Less than two weeks into a state-mandated campaign to blanket mobile phone users with audio and text messages about microfinance institutions (MFIs), many are already tired of the government’s broken-record approach.
If the government continues to run its awareness campaign—which officials have said is needed to inform the public that MFIs are private entities, not state-owned—it will get old fast, Information Minister Khieu Kanharith admitted on Thursday.
“If we run it too much, too long, it will become boring,” Mr. Kanharith told reporters after the ministry’s annual meeting in Phnom Penh.
Mr. Kanharith said he would seek advice from Prime Minister Hun Sen about how long the government planned to continue the messages.
Last month, Mr. Hun Sen announced a “whole year” campaign to stop the public from being misled by politicians, whom he did not identify, claiming they would cancel private debts if elected. He urged media outlets and mobile phone companies to help spread the government’s message.
But Mr. Kanharith suggested last week that he would ask the premier to shorten the campaign.
“We cannot run it forever. For a whole year, it will be too much,” he said. “We should run it for a whole week and finish it, and after that run it once a month.”
Mr.

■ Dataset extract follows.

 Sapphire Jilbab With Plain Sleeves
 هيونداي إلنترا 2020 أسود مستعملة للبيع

Kanharith said mobile phone users could opt out of the automated call messages. A customer service employee at mobile operator Smart confirmed on Sunday that customers could contact the company to make such a request.
While some said they didn’t mind hearing the recording while waiting for someone to pick up, others were ready for it to end.
“I think it is a good thing,” said Leakhena Sophan, a communications officer at Institut Francais. “The government has done it right in order to help people not get confused.”
But Kab Tompor, a fourth-year university student, said people had gotten the message. “At first, it was fine, but after a while when calling and hearing this, it became boring,” she said.